┌─ Available records
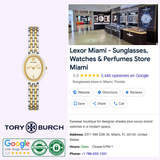A Tory Burch Watches THE OVAL TBW6033 (UPC 796483662513) is shown beside a Google listing for Lexor Miami, a boutique selling sunglasses, jewelry watches, and perfumes with visible customer ratings and store info.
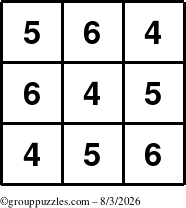 The grouppuzzles.com Answer grid for the TicTac-456 puzzle for Monday August 3, 2026
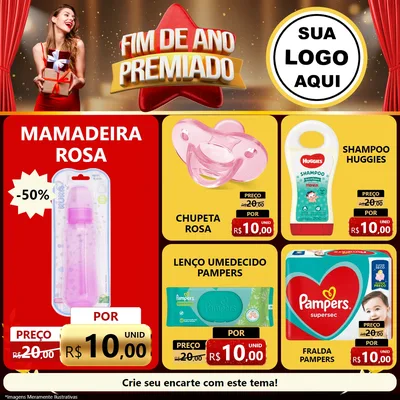 Modelo de Rede Social para Feed Facebook com o tema Fim de Ano Premiado para Bebês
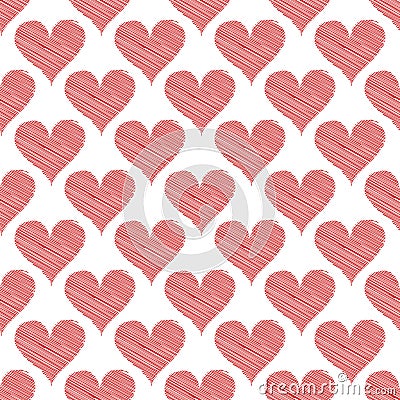 Seamless Pattern Background Red Scribble Hearts - Vector Illustration Stock Photo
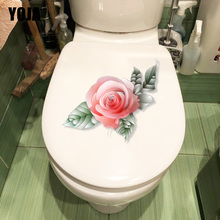 YOJA 21.7*22.7CM Red Rose With Leaves Fashion Bedroom Wall Stickers Mural Toilet WC Decor T1-0751 2024 - buy cheap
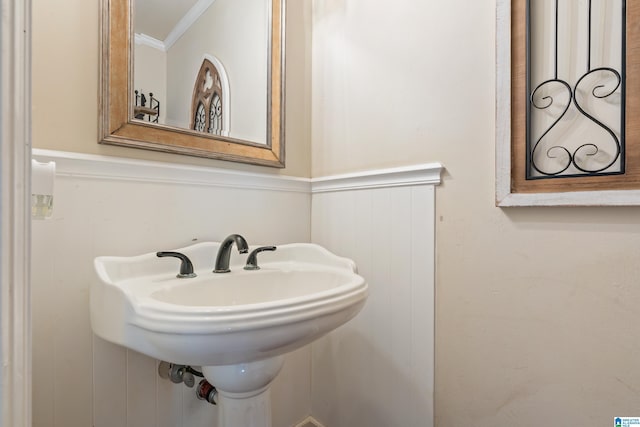 bathroom with crown molding and sink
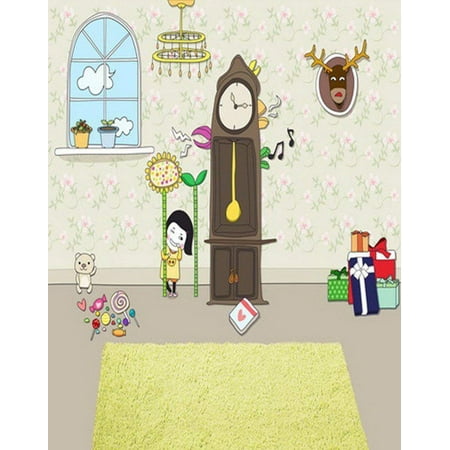 Image of ABPHOTO Polyester Cartoon House Flowers Gift Photography Backdrops Photo Props Studio Background 5x7ft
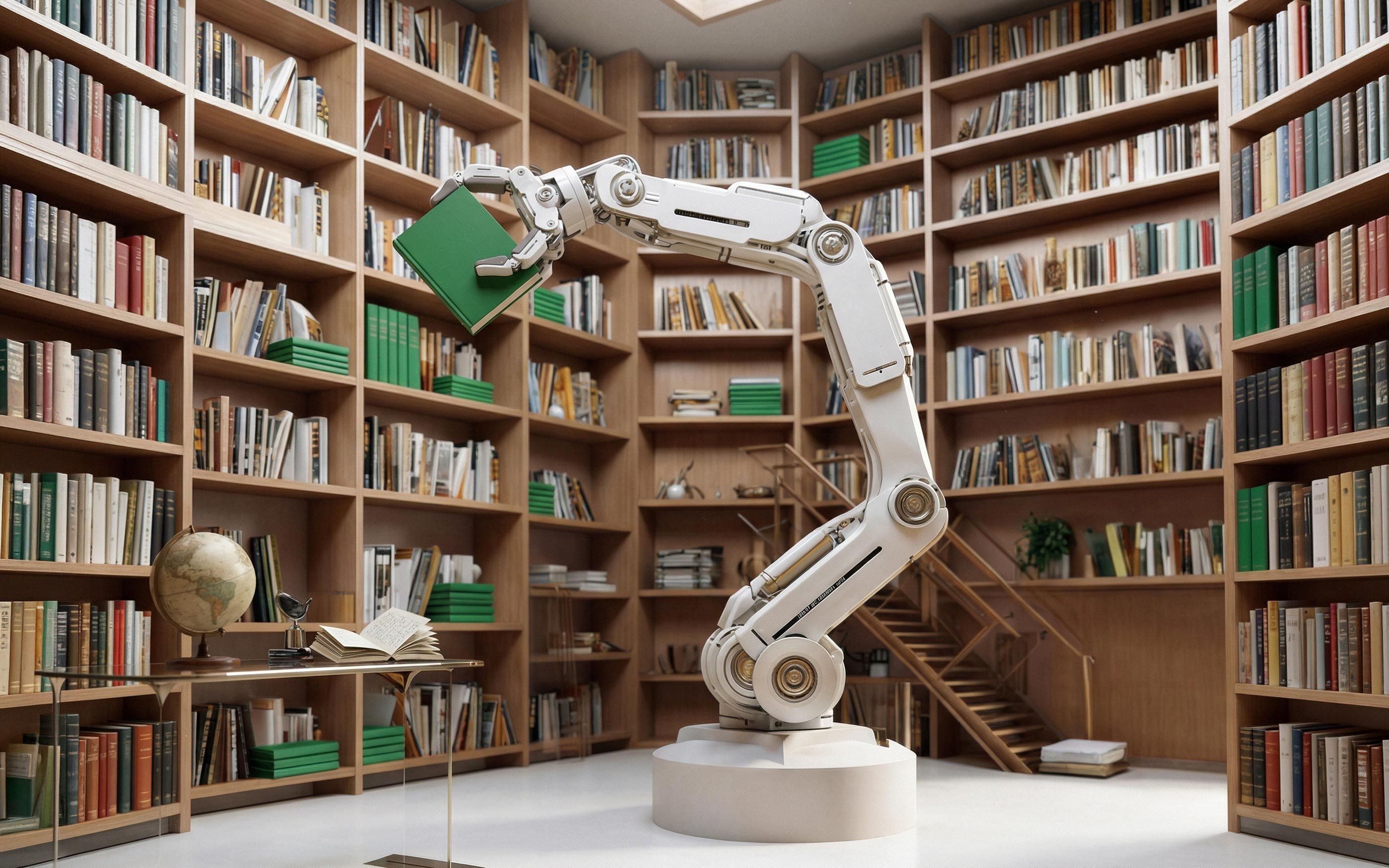 Ein großer robotischer Greifarm steht in einer modernen, holzgetäfelten Bibliothek und zieht ein grünes Buch aus einem Regal. Um den Arm herum befinden sich zahlreiche deckenhohe Bücherregale, ein Tisch mit aufgeschlagenem Buch und Globus sowie eine kleine Treppe zu einer höheren Ebene.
└─
### Work task
Write out each entry exactly, images excluded.

### Problem solution
A Tory Burch Watches THE OVAL TBW6033 (UPC 796483662513) is shown beside a Google listing for Lexor Miami, a boutique selling sunglasses, jewelry watches, and perfumes with visible customer ratings and store info.
 The grouppuzzles.com Answer grid for the TicTac-456 puzzle for Monday August 3, 2026
 Modelo de Rede Social para Feed Facebook com o tema Fim de Ano Premiado para Bebês
 Seamless Pattern Background Red Scribble Hearts - Vector Illustration Stock Photo
 YOJA 21.7*22.7CM Red Rose With Leaves Fashion Bedroom Wall Stickers Mural Toilet WC Decor T1-0751 2024 - buy cheap
 bathroom with crown molding and sink
 Image of ABPHOTO Polyester Cartoon House Flowers Gift Photography Backdrops Photo Props Studio Background 5x7ft
 Ein großer robotischer Greifarm steht in einer modernen, holzgetäfelten Bibliothek und zieht ein grünes Buch aus einem Regal. Um den Arm herum befinden sich zahlreiche deckenhohe Bücherregale, ein Tisch mit aufgeschlagenem Buch und Globus sowie eine kleine Treppe zu einer höheren Ebene.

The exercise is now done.